Sensor parameters description for [PHONE_DATA_YIELD]:

Key                    Description
[SENSORS] One or more phone sensor config keys (e.g. PHONE_MESSAGE). The more keys you include the more accurately RAPIDS can approximate the time an smartphone was sensing data. The supported phone sensors you can include in this list are outlined below (do NOT include Fitbit sensors, ONLY include phone sensors).

Supported phone sensors for [PHONE_DATA_YIELD][SENSORS]

PHONE_ACCELEROMETER
PHONE_ACTIVITY_RECOGNITION
PHONE_APPLICATIONS_CRASHES
PHONE_APPLICATIONS_FOREGROUND
PHONE_APPLICATIONS_NOTIFICATIONS
PHONE_AWARE_LOG
PHONE_BATTERY
PHONE_BLUETOOTH
PHONE_CALLS
PHONE_CONVERSATION
PHONE_MESSAGES
PHONE_KEYBOARD
PHONE_LIGHT
PHONE_LOCATIONS
PHONE_SCREEN
PHONE_WIFI_VISIBLE
PHONE_WIFI_CONNECTED

RAPIDS provider

Before explaining the data yield features, let’s define the following relevant concepts:

  • A valid minute is any 60 second window when any phone sensor logged at least 1 row of data
  • A valid hour is any 60 minute window with at least X valid minutes.

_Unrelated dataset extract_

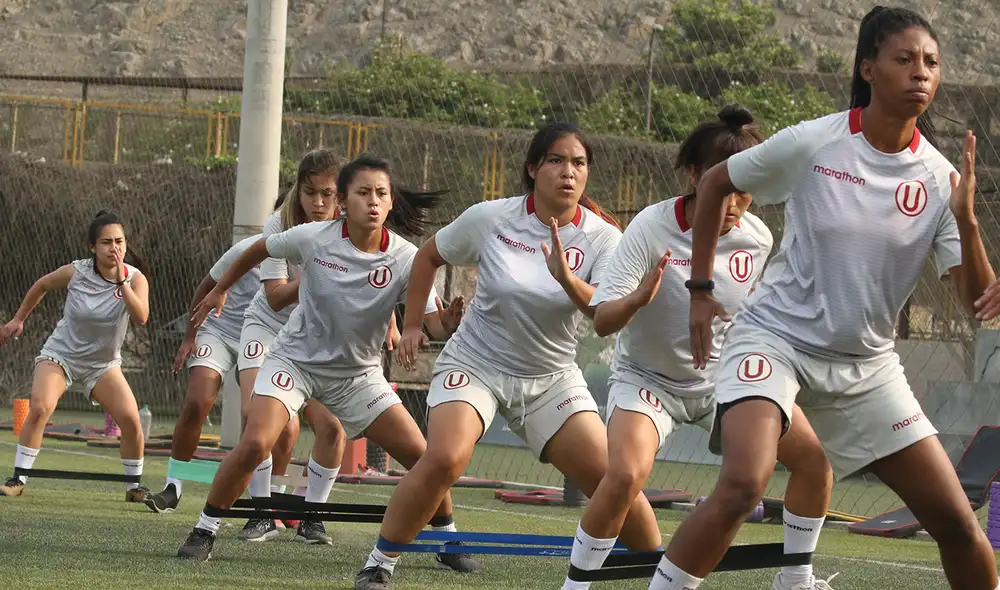 Universitario clasificó a la Copa Libertadores por el título que conquistó en el 2019. Foto: Universitario de Deportes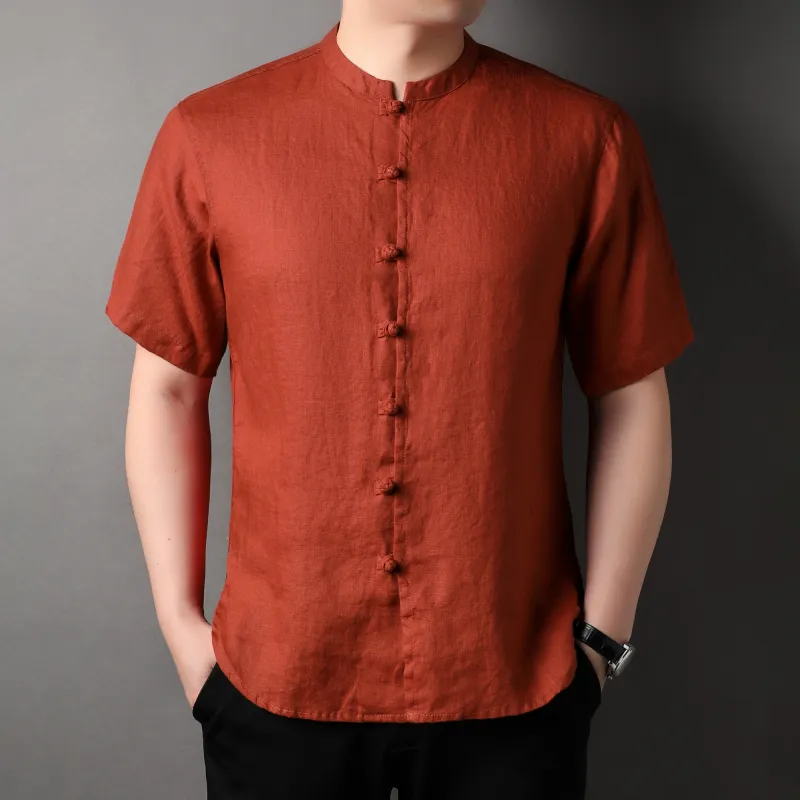 PIERRE CARDIN Shirts Men-16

The X or threshold is given by [MINUTE_RATIO_THRESHOLD_FOR_VALID_YIELDED_HOURS]

The timestamps of all sensors are concatenated and then grouped per time segment. Minute and hour windows are created from the beginning of each time segment instance and these windows are marked as valid based on the definitions above. The duration of each time segment is taken into account to compute the features described below.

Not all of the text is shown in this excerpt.